Task instructions
Print all the data that follows exactly, images excluded.

####################

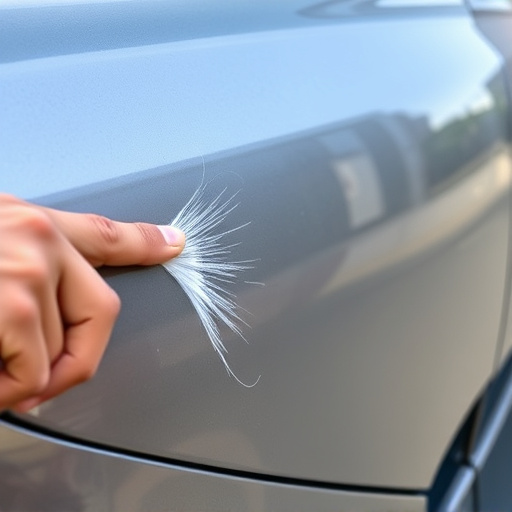 car scratch repair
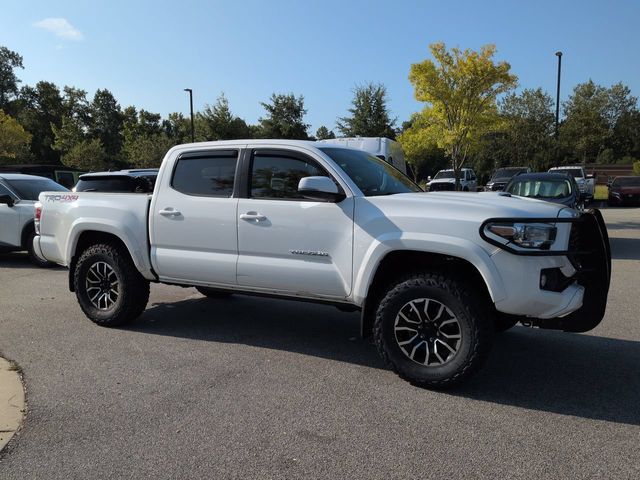 2020 Toyota Tacoma Blanco (Super White) Camioneta Todo terreno 6 velocidades Automática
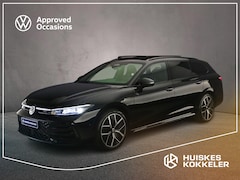 Volkswagen Passat Variant - R-Line Edition 1.5 TSI eHybrid 272pk DSG Automaat Trekhaak, Harman Kardon audio, Panoramad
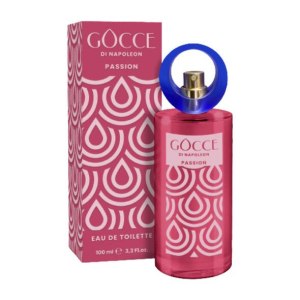 Acquista Online gocce napoleon passion edt 100ml e Cerca il miglior prezzo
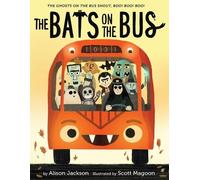 Alison Jackson The Bats on the Bus (Copertina rigida)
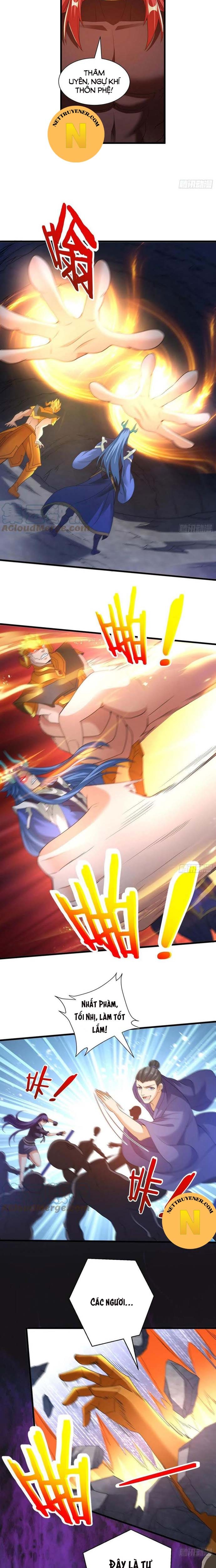 Tiểu Đệ Của Ta Là Yêu Vương: Chapter 56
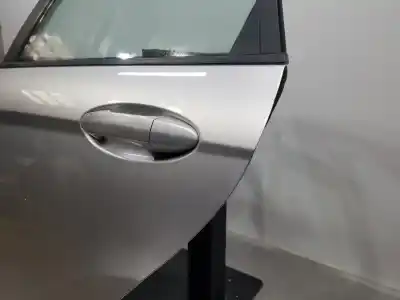 Автозапчастина б/у двері задні ліві для ford fiesta (ccn) confort посилання на oem iam 1692503  p8a61a24631ka
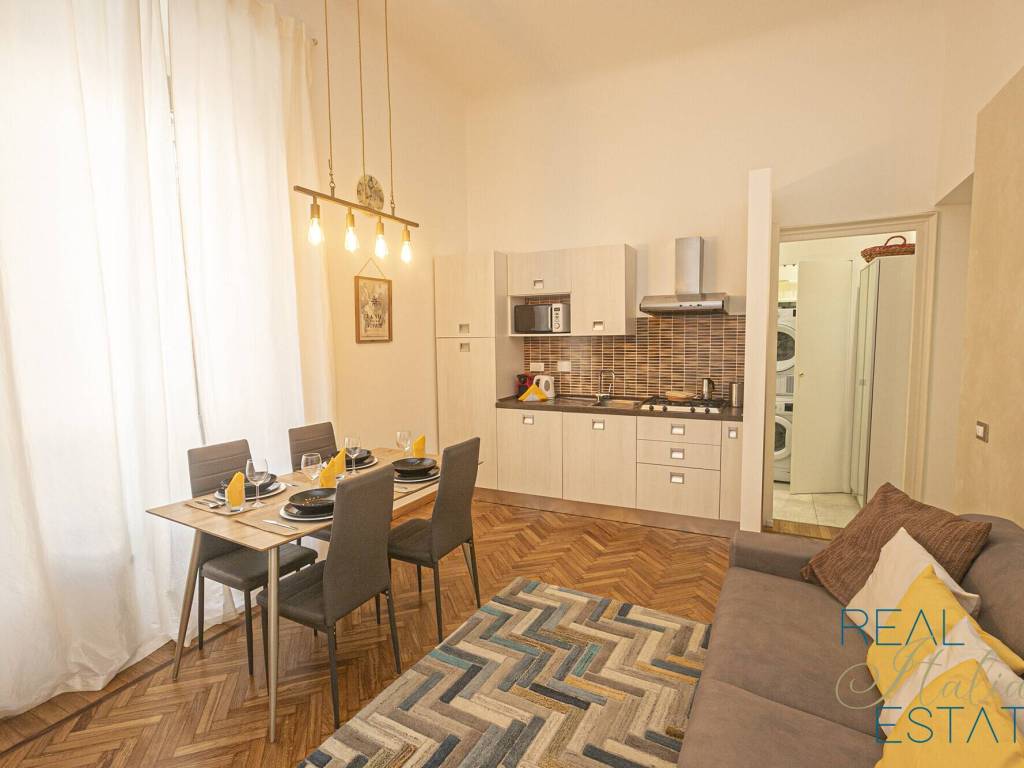 appartamento in vendita a Genova in zona Castelletto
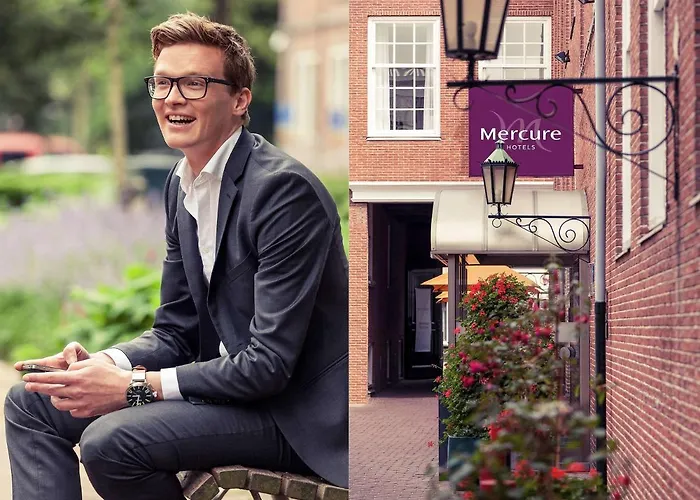 Hotel Mercure Centre Canal District 4*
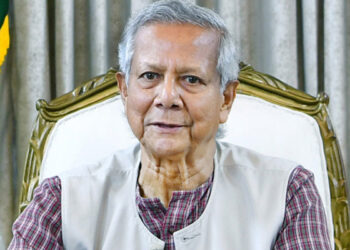 পবিত্র রমজান উপলক্ষে ড. মুহাম্মদ ইউনূসের শুভেচ্ছা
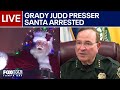 Sheriff Grady Judd undercover operation press conference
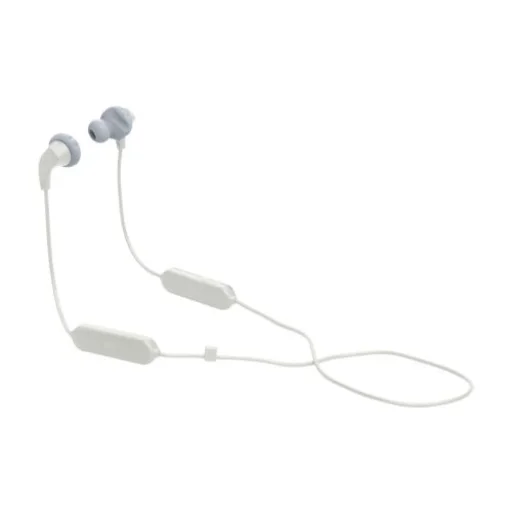 JBL Endurance Run 2 Bluetooth In-Ear Vezeték nélküli Fülhallgató Fehér EU - 1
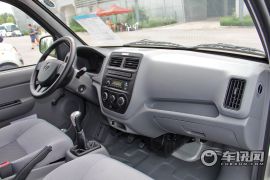 福田汽车-伽途T3 BJ5036XXY-D3（单排厢车）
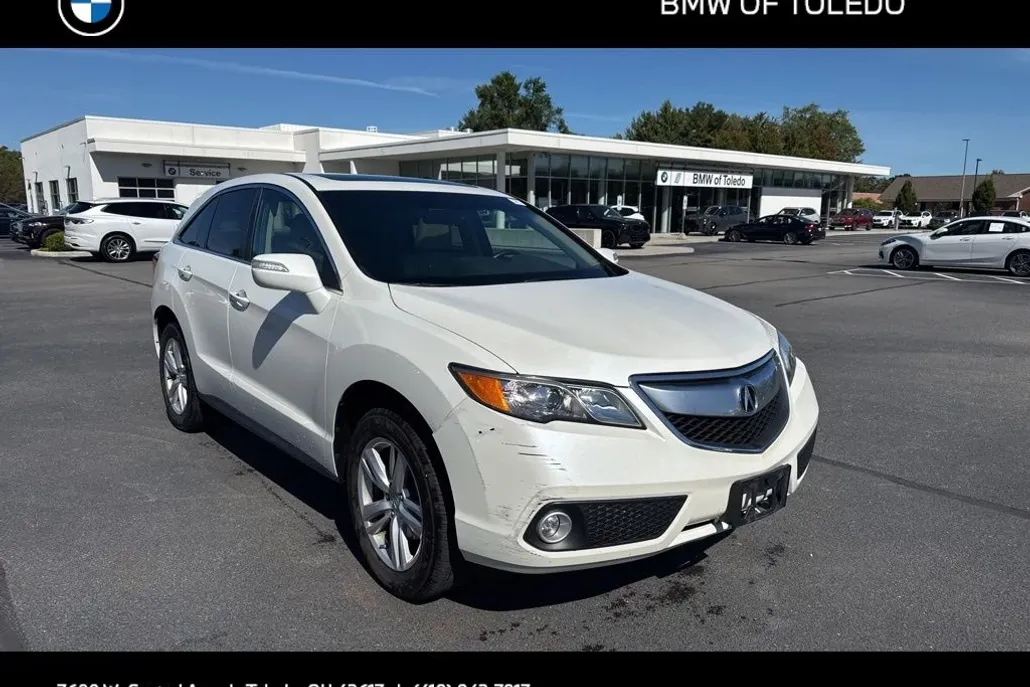 2015 Acura RDX Base Technology photo 1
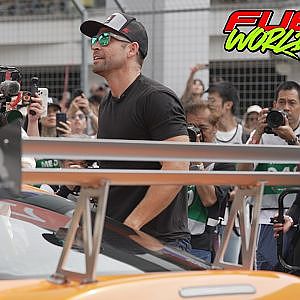 FUELFEST world tour JAPAN 2026 Opening - PRESS movie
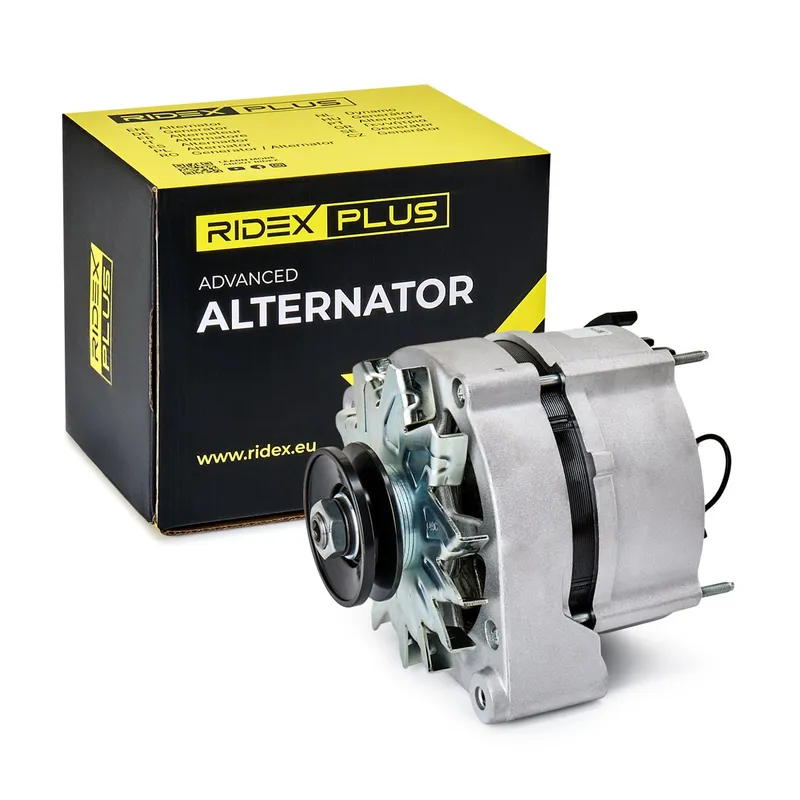 Generator RIDEX PLUS 4G0453P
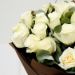 Heavenly 20 White Roses Bunch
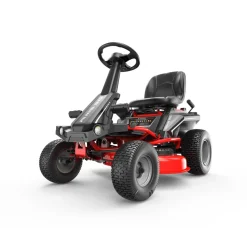 Päältäajettava ruohonleikkuri Ducar 36", 1000W, 48V, 75Ah akulla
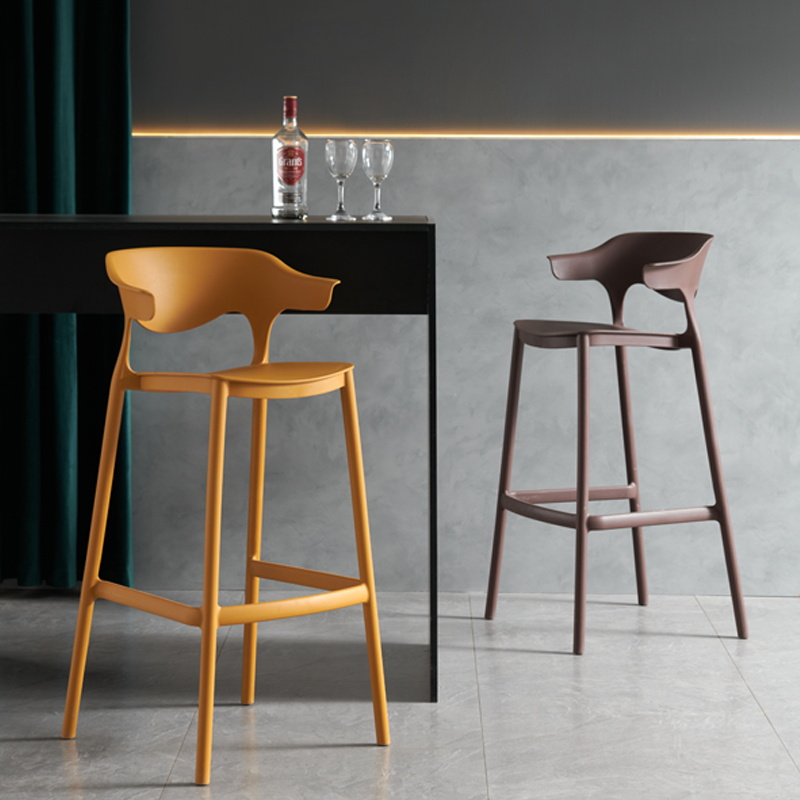 Design Green Bar Stool Chair C - Commercial Kitchen Design ulasan dan harga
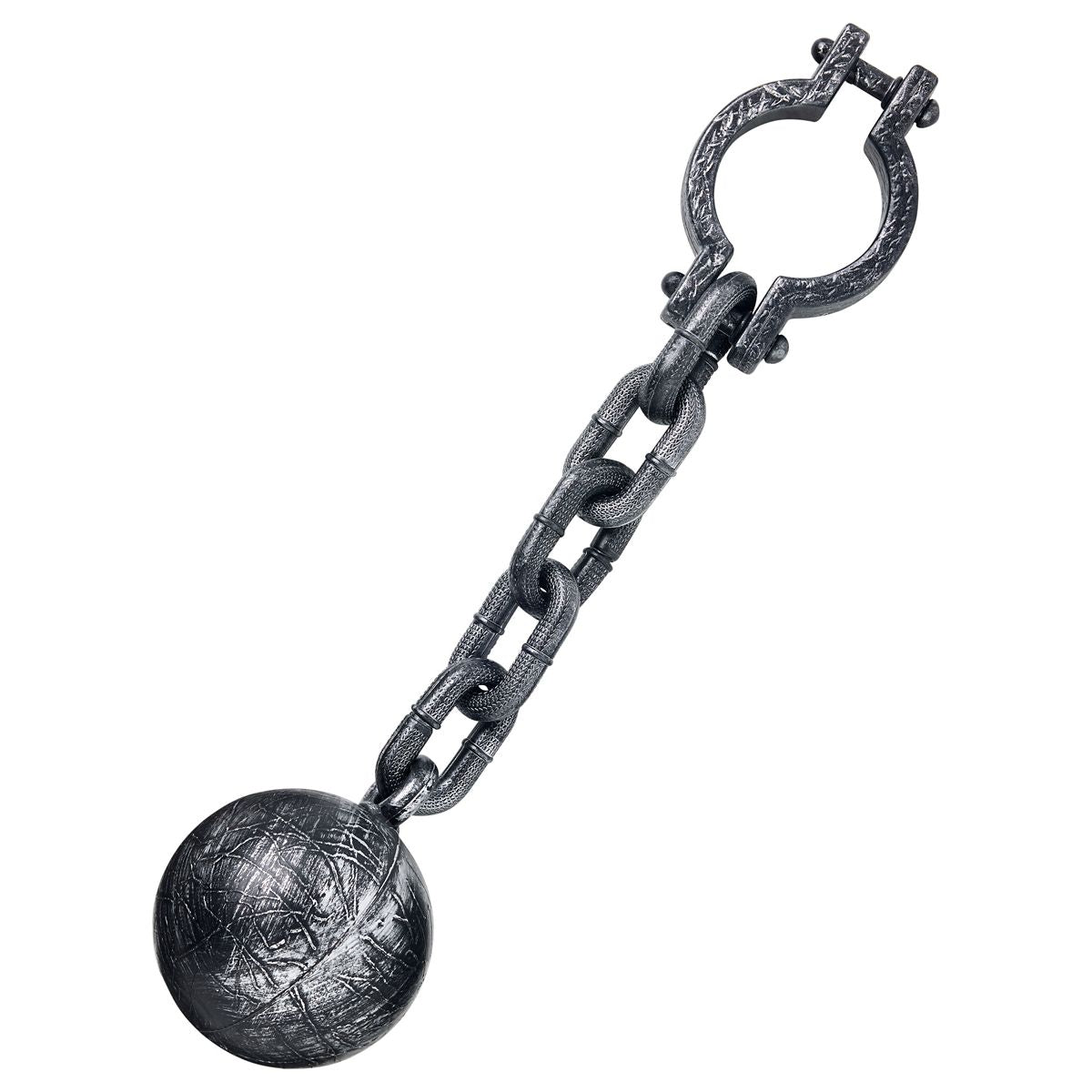 Ball and Chain Accessory SILVER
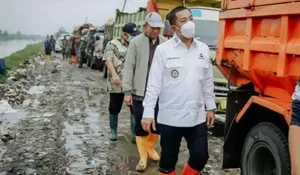 Bau Sampah TPAS Jalupang Mengkhawatirkan, Warga Desa Wancimekar Tagih Janji Bupati Karawang
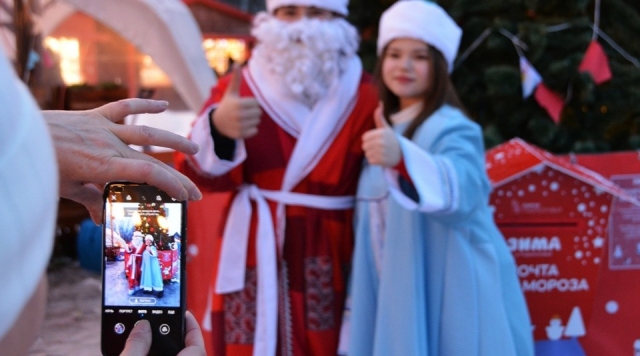 «Летом в Сочи, зимой — в Пирочи»: ежегодный фестиваль «Елки» собирает гостей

####################

Written response
 car scratch repair
 2020 Toyota Tacoma Blanco (Super White) Camioneta Todo terreno 6 velocidades Automática
 Volkswagen Passat Variant - R-Line Edition 1.5 TSI eHybrid 272pk DSG Automaat Trekhaak, Harman Kardon audio, Panoramad
 Acquista Online gocce napoleon passion edt 100ml e Cerca il miglior prezzo
 Alison Jackson The Bats on the Bus (Copertina rigida)
 Tiểu Đệ Của Ta Là Yêu Vương: Chapter 56
 Автозапчастина б/у двері задні ліві для ford fiesta (ccn) confort посилання на oem iam 1692503  p8a61a24631ka
 appartamento in vendita a Genova in zona Castelletto
 Hotel Mercure Centre Canal District 4*
 পবিত্র রমজান উপলক্ষে ড. মুহাম্মদ ইউনূসের শুভেচ্ছা
 Sheriff Grady Judd undercover operation press conference
 JBL Endurance Run 2 Bluetooth In-Ear Vezeték nélküli Fülhallgató Fehér EU - 1
 福田汽车-伽途T3 BJ5036XXY-D3（单排厢车）
 2015 Acura RDX Base Technology photo 1
 FUELFEST world tour JAPAN 2026 Opening - PRESS movie
 Generator RIDEX PLUS 4G0453P
 Heavenly 20 White Roses Bunch
 Päältäajettava ruohonleikkuri Ducar 36", 1000W, 48V, 75Ah akulla
 Design Green Bar Stool Chair C - Commercial Kitchen Design ulasan dan harga
 Ball and Chain Accessory SILVER
 Bau Sampah TPAS Jalupang Mengkhawatirkan, Warga Desa Wancimekar Tagih Janji Bupati Karawang
 «Летом в Сочи, зимой — в Пирочи»: ежегодный фестиваль «Елки» собирает гостей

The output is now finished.